0

I'm looking to use dpkt or pyshark coupled with cython, to speed up parsing of a lot of data (GBs) in a pcap file.

I wondered if anyone has run dpkt with cython OR pyshark with cython and could share the speed increases with me? Im specifically looking to increase speed of a python script, just not sure if dpkt or pyshark is better coupled with cython.

Thank you!

Jshee
  • 2,620
  • 6
  • 44
  • 60
  • What packets comprise the majority of the pcap? (protocol and size) – Kiran Bandla Oct 06 '16 at 02:15
  • Just calling a Python library from Cython _does not_ give much speed improvement. Only the bits you write yourself are compiled snd everything else runs at exactly the same speed. – DavidW Oct 06 '16 at 06:49
  • @KiranBandla - the packets are about 500b – Jshee Oct 06 '16 at 15:14
  • @DavidW - can you give an example please. – Jshee Oct 06 '16 at 15:14
  • @Jshee - No. I know nothing about either dpkt or pyshark.
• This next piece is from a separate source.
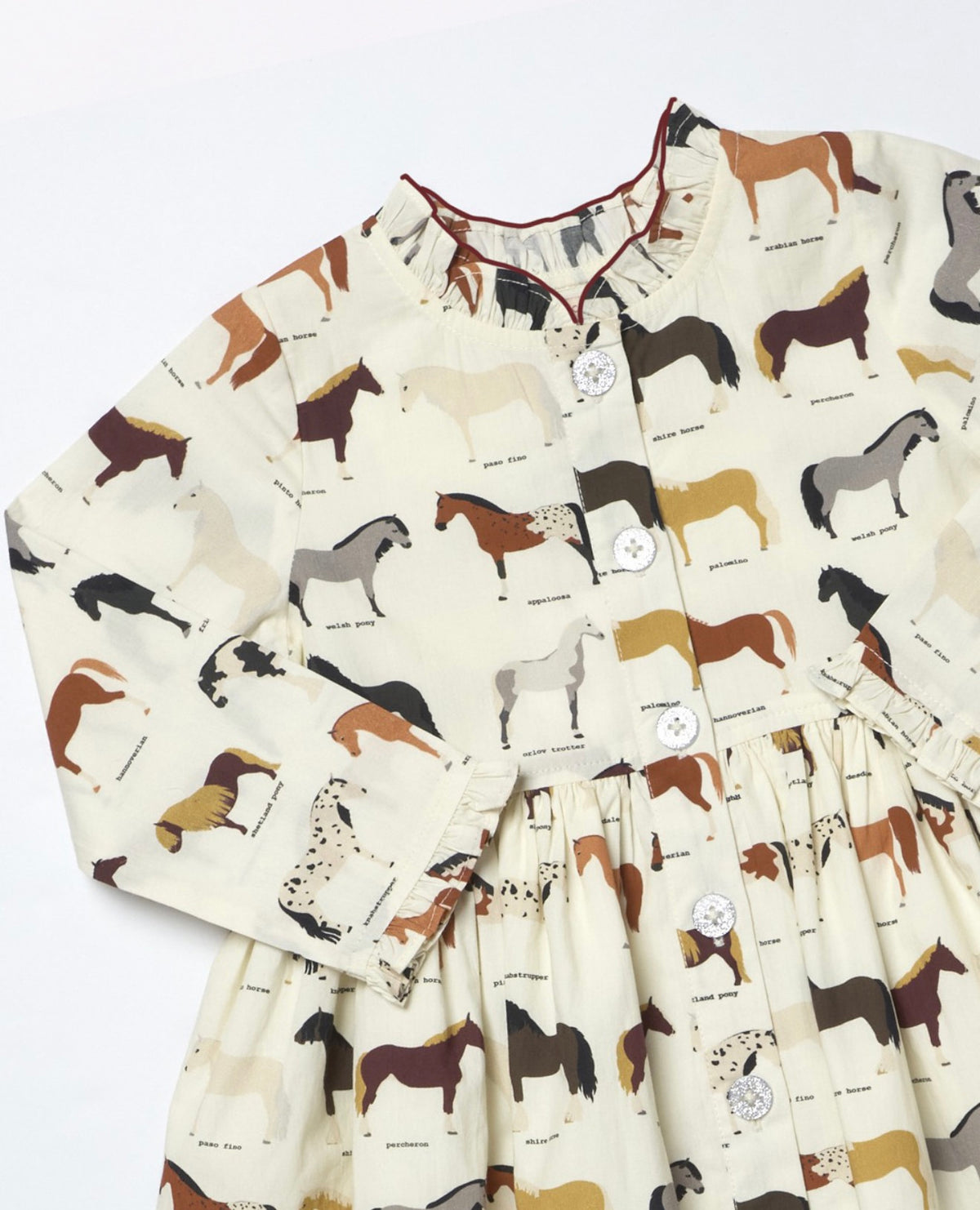 Girls Autumn Dress-Horse Breeds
All I'm saying is that I don't think Cython will help you unless you're prepared to rewrite large chunks of the libraries yourself. – DavidW Oct 06 '16 at 16:20

1 Answers1

0

I hope this helps you. I found some differences between pyshark and dpkt. I tried to read a pcap file (size about 54MB) into main memory. Here's what happens

dpkt Module

import dpkt
import time

filename="/opt/veeru_cap.pcap"
f = open(filename)
pcap = dpkt.pcap.Reader(f)

#print pcap[0] #<---Geting TypeError: 'Reader' object does not support indexing

print "Object-->",pcap
start=time.time()
print "The start time->",start
x=list(pcap) # Reading into Main Memory!
print "The end time->",time.time()
print "Total->",time.time()-start
print "Total Length/Total Number of Packet",len(x)
print "**********************PACKET**********************"
print x[0]

OUTPUT>

Object--> <dpkt.pcap.Reader object at 0x7f2ed1535210>
The start time-> 1497818746.66
The end time-> 1497818747.06
Total-> 0.407222986221
Total Length/Total Number of Packet 65150
**********************PACKET**********************
(1497807187.704669, '\x44\x49\x44\xfdg\xa2,\xd0ZG \x4x\x48\x00E\x00\x004E\xcf@\x00@\xx6<\xxf\xxx\xgg\x33i4$\xc2\xf0\x80\x46\x0x\x4b\\\xfd\xea\xe0\xe4\xc2\xb4\xxx\x80\x10\x01l^\xf0\x00\x00\x01\x01\x0x\n\x00\x05\x15@\x054\xexx')
x84\x80\xx0\x01l^\xf0\xxx\x00\x01\xx1\xx8\n\x00\x05\xxx@\x054\xe0J')
  • dpkt dumping hexadecimal formate of packet without rendering.
  • Took very less time to read all packets into main memory(Counting packets in the file is easy!)
  • As you can see I try to print print pcap[0] directly. It is an object and not able to display packet [NOTE THIS POINT]

pyshark Module

** Continuing the answer after reboot **

import pyshark
import time

filename="/opt/veeru_cap.pcap"  
cap=pyshark.FileCapture(filename)

print "**********************PACKET**********************"
print cap[0] #<----Still able to print without converting into "List" or something

print "Object--->",type(cap)
start=time.time()
print "The start time->",start
x=list(cap) # Reading into Main Memory!
print "The end time->",time.time()
print "Total->",time.time()-start

I ran above script but my computer became unresponsive, had to reboot.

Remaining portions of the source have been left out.